- [Exercise]
Your task is to repeat exactly the lines below between the line holding "White cropped denim" and the line holding "NexoPrint' Marken-Tintenpatrone in", inclusive, and only those.

[Short web captions]

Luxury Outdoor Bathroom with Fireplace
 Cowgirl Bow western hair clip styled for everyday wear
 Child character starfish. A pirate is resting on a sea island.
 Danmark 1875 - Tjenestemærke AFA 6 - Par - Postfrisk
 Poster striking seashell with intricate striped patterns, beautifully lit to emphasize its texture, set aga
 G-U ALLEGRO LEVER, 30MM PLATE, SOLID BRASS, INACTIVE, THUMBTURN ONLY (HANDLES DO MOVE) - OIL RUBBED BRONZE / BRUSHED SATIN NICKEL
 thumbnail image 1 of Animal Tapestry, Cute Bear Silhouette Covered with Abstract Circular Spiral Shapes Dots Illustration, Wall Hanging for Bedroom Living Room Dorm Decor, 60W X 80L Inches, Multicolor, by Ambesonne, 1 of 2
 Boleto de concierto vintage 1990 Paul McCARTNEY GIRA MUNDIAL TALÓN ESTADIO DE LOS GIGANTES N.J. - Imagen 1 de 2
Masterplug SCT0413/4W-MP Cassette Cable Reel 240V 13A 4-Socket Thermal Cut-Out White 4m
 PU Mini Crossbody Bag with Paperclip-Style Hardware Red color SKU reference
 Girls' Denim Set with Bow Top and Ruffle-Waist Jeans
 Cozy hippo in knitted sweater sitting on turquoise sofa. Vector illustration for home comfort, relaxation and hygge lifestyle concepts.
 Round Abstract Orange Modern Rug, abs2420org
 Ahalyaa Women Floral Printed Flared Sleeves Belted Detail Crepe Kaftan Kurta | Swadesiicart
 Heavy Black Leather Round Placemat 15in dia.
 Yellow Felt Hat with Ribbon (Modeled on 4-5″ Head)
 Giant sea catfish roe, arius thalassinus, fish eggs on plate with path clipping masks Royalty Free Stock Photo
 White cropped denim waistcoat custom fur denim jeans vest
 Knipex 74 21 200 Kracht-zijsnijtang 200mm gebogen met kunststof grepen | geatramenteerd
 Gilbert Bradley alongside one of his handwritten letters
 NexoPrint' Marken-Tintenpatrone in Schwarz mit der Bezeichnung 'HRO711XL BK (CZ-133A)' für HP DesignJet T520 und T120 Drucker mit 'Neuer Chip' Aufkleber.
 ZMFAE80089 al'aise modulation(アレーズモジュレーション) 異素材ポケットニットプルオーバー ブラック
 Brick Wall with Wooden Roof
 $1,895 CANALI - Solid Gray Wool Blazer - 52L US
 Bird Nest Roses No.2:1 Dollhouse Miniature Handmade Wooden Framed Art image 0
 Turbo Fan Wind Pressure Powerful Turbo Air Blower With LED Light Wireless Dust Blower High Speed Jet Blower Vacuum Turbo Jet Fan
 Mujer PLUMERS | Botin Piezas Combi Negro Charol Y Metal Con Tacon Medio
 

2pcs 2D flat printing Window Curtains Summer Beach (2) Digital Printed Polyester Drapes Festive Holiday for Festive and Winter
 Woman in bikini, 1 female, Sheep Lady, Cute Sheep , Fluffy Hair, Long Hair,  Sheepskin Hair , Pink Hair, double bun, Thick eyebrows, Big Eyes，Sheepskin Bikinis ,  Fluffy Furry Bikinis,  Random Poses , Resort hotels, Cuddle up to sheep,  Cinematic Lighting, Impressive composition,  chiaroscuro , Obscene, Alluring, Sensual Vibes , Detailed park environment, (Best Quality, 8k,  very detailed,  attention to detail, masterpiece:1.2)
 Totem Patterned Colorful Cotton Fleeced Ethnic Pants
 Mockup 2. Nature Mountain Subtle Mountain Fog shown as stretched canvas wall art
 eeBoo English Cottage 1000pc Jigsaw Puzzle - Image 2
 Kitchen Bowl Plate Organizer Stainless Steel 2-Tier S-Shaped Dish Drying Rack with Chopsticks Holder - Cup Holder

- [Your response]
 White cropped denim waistcoat custom fur denim jeans vest
 Knipex 74 21 200 Kracht-zijsnijtang 200mm gebogen met kunststof grepen | geatramenteerd
 Gilbert Bradley alongside one of his handwritten letters
 NexoPrint' Marken-Tintenpatrone in Schwarz mit der Bezeichnung 'HRO711XL BK (CZ-133A)' für HP DesignJet T520 und T120 Drucker mit 'Neuer Chip' Aufkleber.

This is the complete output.